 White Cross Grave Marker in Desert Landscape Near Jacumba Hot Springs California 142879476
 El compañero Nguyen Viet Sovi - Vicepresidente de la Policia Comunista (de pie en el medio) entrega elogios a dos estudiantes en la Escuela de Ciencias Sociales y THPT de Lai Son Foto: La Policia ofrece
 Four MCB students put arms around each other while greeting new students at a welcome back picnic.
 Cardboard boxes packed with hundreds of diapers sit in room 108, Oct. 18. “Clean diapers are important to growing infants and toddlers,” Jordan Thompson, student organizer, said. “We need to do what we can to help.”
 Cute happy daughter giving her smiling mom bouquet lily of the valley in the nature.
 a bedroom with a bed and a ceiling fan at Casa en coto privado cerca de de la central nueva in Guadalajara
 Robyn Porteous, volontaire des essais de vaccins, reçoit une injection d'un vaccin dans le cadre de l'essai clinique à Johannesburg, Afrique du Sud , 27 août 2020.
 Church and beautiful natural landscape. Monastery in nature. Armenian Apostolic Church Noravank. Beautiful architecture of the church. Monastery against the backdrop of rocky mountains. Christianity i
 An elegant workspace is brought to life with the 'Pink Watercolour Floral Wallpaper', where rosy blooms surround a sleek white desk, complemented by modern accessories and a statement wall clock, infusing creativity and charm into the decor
=======
> **WORK ORDER**
Give back, verbatim, the lines from the top of the entries above through the line containing "a bedroom with".

> **EXERCISE ANSWER**
 White Cross Grave Marker in Desert Landscape Near Jacumba Hot Springs California 142879476
 El compañero Nguyen Viet Sovi - Vicepresidente de la Policia Comunista (de pie en el medio) entrega elogios a dos estudiantes en la Escuela de Ciencias Sociales y THPT de Lai Son Foto: La Policia ofrece
 Four MCB students put arms around each other while greeting new students at a welcome back picnic.
 Cardboard boxes packed with hundreds of diapers sit in room 108, Oct. 18. “Clean diapers are important to growing infants and toddlers,” Jordan Thompson, student organizer, said. “We need to do what we can to help.”
 Cute happy daughter giving her smiling mom bouquet lily of the valley in the nature.
 a bedroom with a bed and a ceiling fan at Casa en coto privado cerca de de la central nueva in Guadalajara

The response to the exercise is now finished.